(WHAT YOU WILL DO): From the first line to the last, write out the records exactly, leaving out images.

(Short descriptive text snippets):
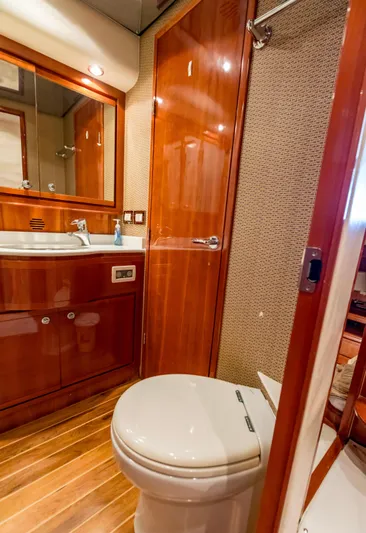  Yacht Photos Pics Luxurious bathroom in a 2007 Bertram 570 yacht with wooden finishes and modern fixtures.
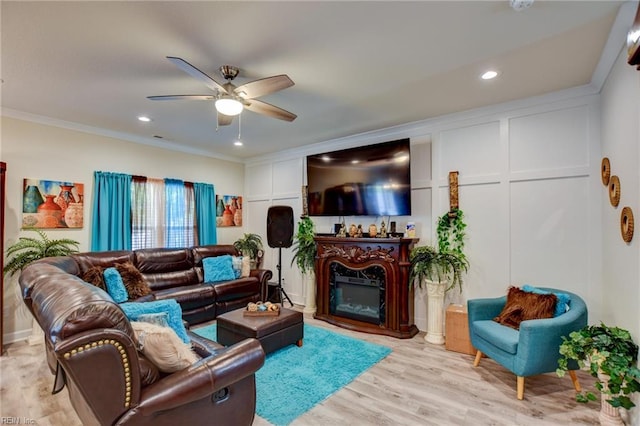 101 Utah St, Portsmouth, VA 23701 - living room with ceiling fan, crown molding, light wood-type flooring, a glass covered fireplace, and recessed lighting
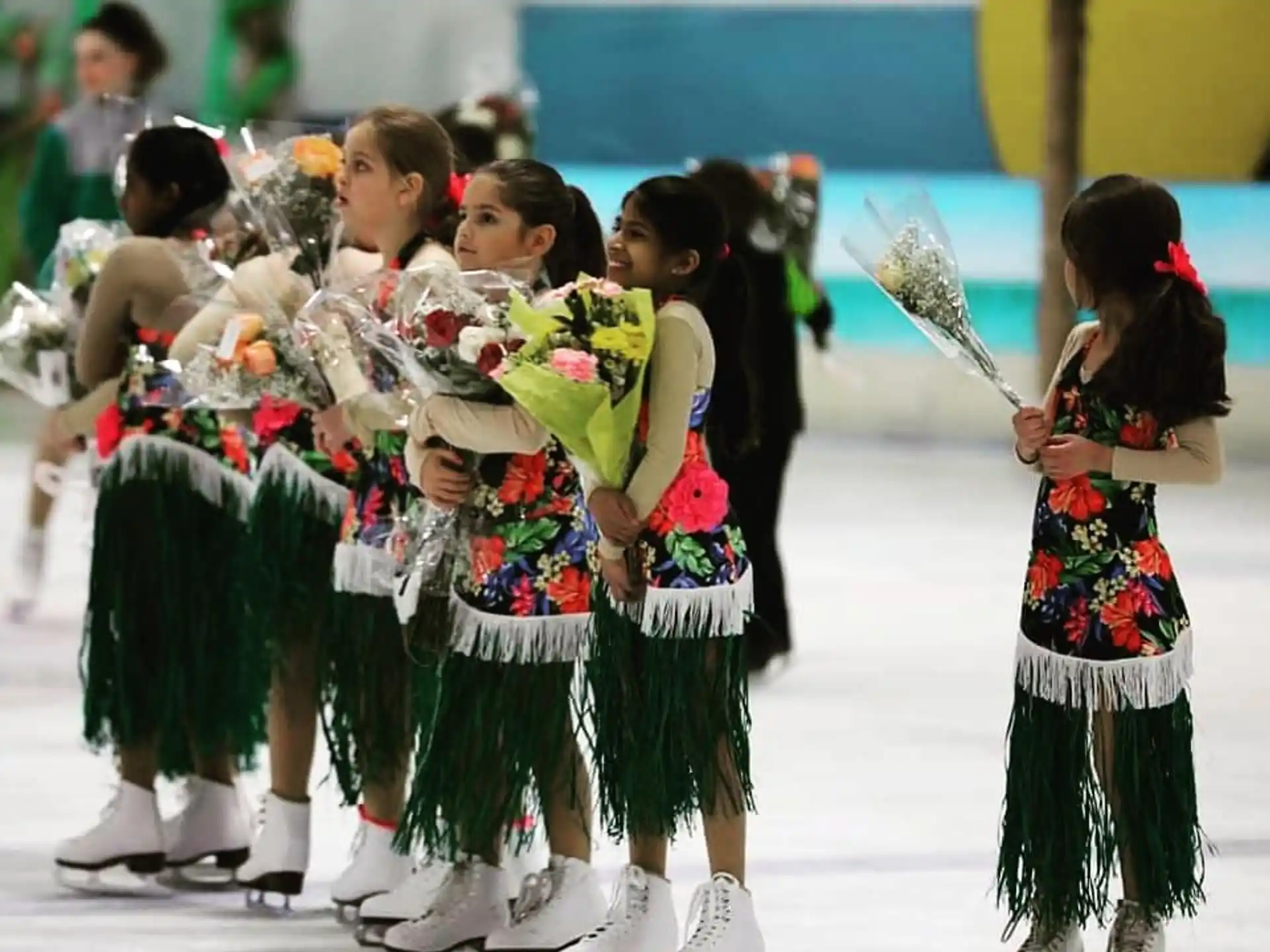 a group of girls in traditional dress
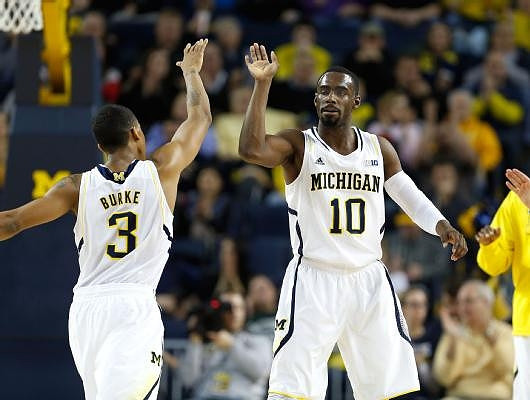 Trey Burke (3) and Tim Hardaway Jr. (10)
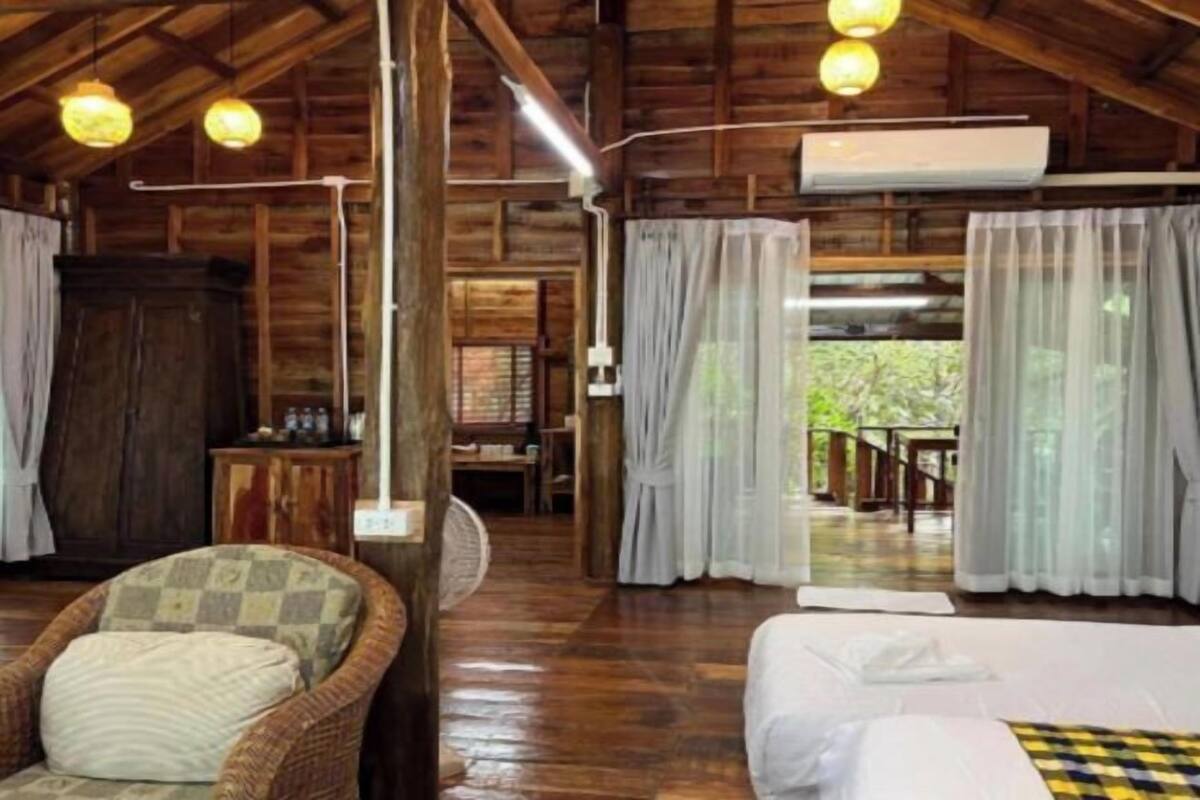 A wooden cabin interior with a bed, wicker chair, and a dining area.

(EXERCISE ANSWER):
  Yacht Photos Pics Luxurious bathroom in a 2007 Bertram 570 yacht with wooden finishes and modern fixtures.
 101 Utah St, Portsmouth, VA 23701 - living room with ceiling fan, crown molding, light wood-type flooring, a glass covered fireplace, and recessed lighting
 a group of girls in traditional dress
 Trey Burke (3) and Tim Hardaway Jr. (10)
 A wooden cabin interior with a bed, wicker chair, and a dining area.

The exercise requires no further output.